I continued to be bothered by the number of people who don't recognize who and what Polievre is, zoombats.

Owen Gray said...

Taking our cues from the United States is not a good idea, TB.

Anonymous said...

Unfortunately, our PM has turned himself into an easy target. The lack of PR in the 'China influence' scandal is destroying his reputation, even though an inquiry would likely find that Conservatives have benefited more from Chinese influence (and influence of many other companies and lobbyists from the US and elsewhere).
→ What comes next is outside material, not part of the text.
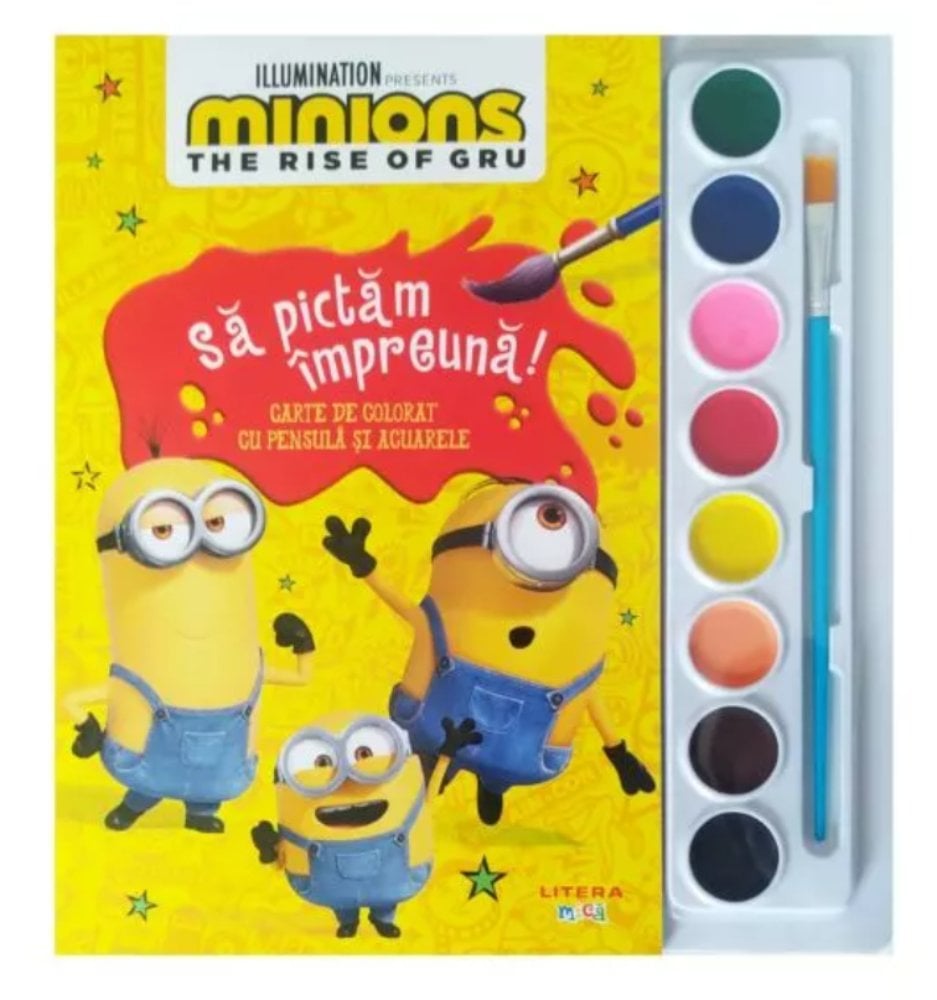 Minions, Sa pictam impreuna, Carte de colorat cu pensula si acuarele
Also, I don't know about you, but I feel like the CBC is creating a very fertile commenting zone for 'old men that want to yell at clouds'. Any time I check out a story with commenting enabled, there are THOUSANDS of comments that feel like a copy-paste from a social media farm somewhere in east Asia with a script designed to 'blame Trudeau' for everything, including the sun going down each day. Are the Cons using these tools to spread lies and support the alt-right anger that simply may not be as ubiquitous as they say it is?

- LW

John B. said...

Poilievre has gained a lot of support among potential voters who think that watching YouTube videos is “research”.

Owen Gray said...

Good question, LW. There are lots of bots on the loose these days.

Owen Gray said...

It strikes me that a lot of Polievre's support comes from low-information folks, John.